DATASET EXTRACT:
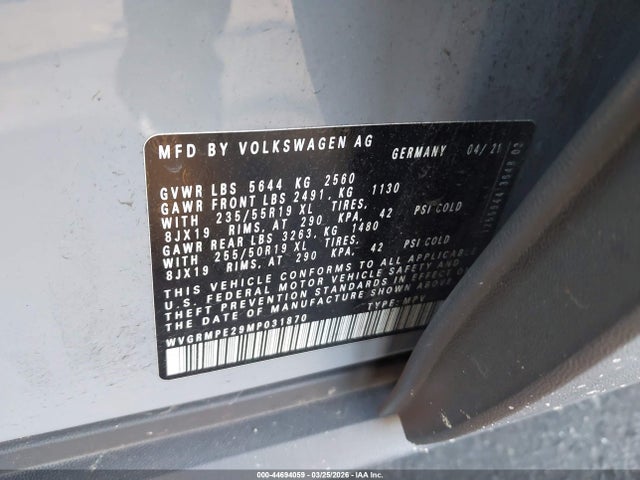 2021 VOLKSWAGEN ID.4 WVGRMPE29MP031870 Photo 8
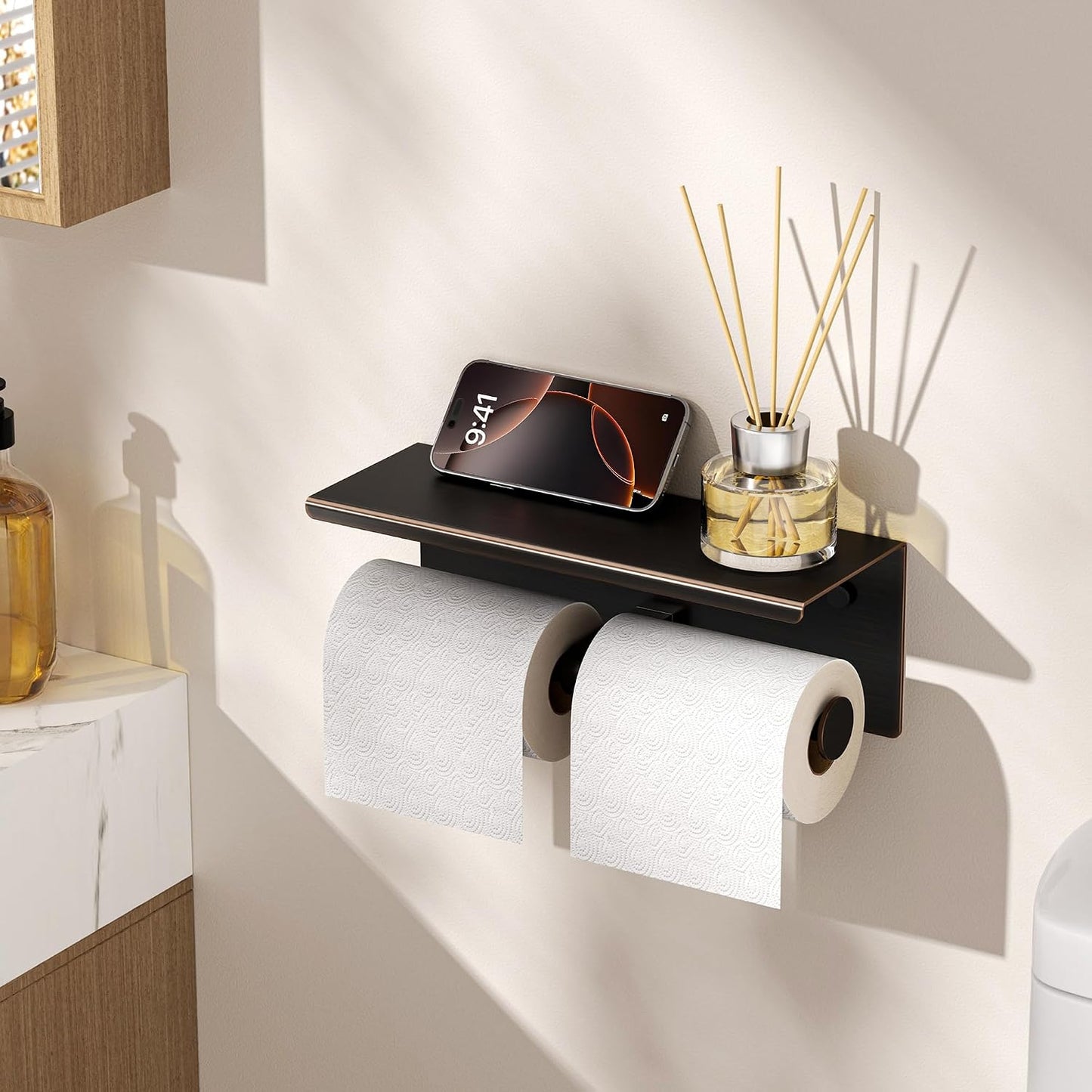 FORIOUS Toilet Paper Holder with Shelf, Commercial Toilet Paper Dispensers | Brushed Nickel | Wall Mount Bathroom Tissue Holder | SUS304 Stainless Steel Rustproof | Double Tissue Roll Holder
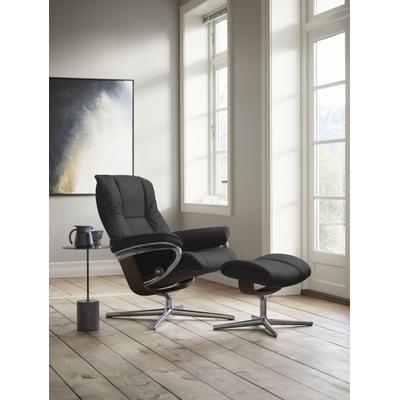 Relaxsessel STRESSLESS "Mayfair", grau (charcoal dinamica), B:83cm H:102cm T:74cm, Microfaser DINAMICA (88% Polyester, 12% Polyurethan), Sessel, mit Cross Base, Größe S, M & L, Holzakzent Braun Image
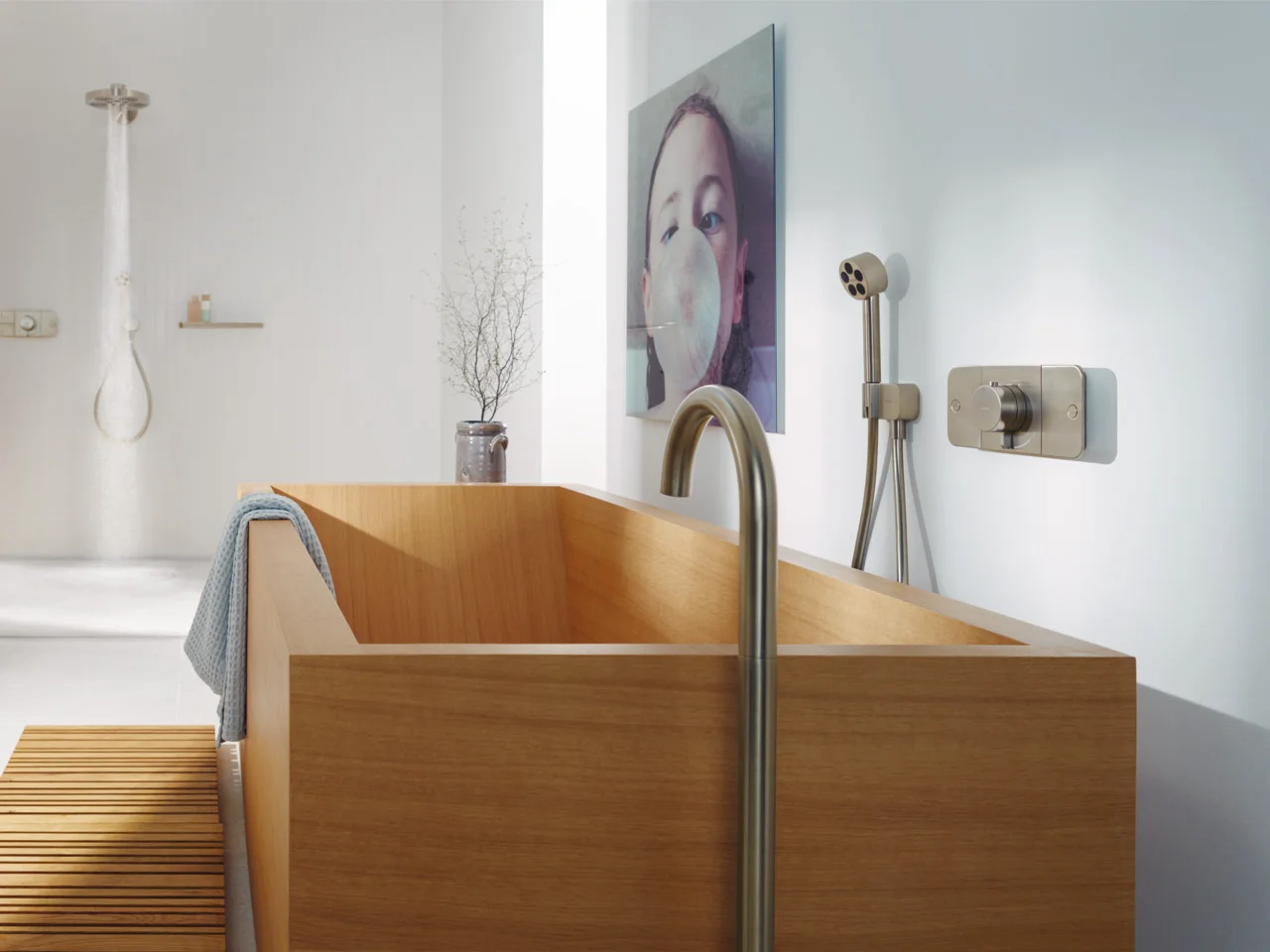 Hansgrohe AXOR Uno Wanneneinlauf gebogen bodenstehend Brushed Nickel Ausladung 226 mm freistehende Montage maximale Durchflussmenge 18 l/min Normalstrahl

WHAT THIS TASK INVOLVES: Without including any image, reproduce the full listing above as written.

SOLUTION TO THIS EXERCISE:
 2021 VOLKSWAGEN ID.4 WVGRMPE29MP031870 Photo 8
 FORIOUS Toilet Paper Holder with Shelf, Commercial Toilet Paper Dispensers | Brushed Nickel | Wall Mount Bathroom Tissue Holder | SUS304 Stainless Steel Rustproof | Double Tissue Roll Holder
 Relaxsessel STRESSLESS "Mayfair", grau (charcoal dinamica), B:83cm H:102cm T:74cm, Microfaser DINAMICA (88% Polyester, 12% Polyurethan), Sessel, mit Cross Base, Größe S, M & L, Holzakzent Braun Image
 Hansgrohe AXOR Uno Wanneneinlauf gebogen bodenstehend Brushed Nickel Ausladung 226 mm freistehende Montage maximale Durchflussmenge 18 l/min Normalstrahl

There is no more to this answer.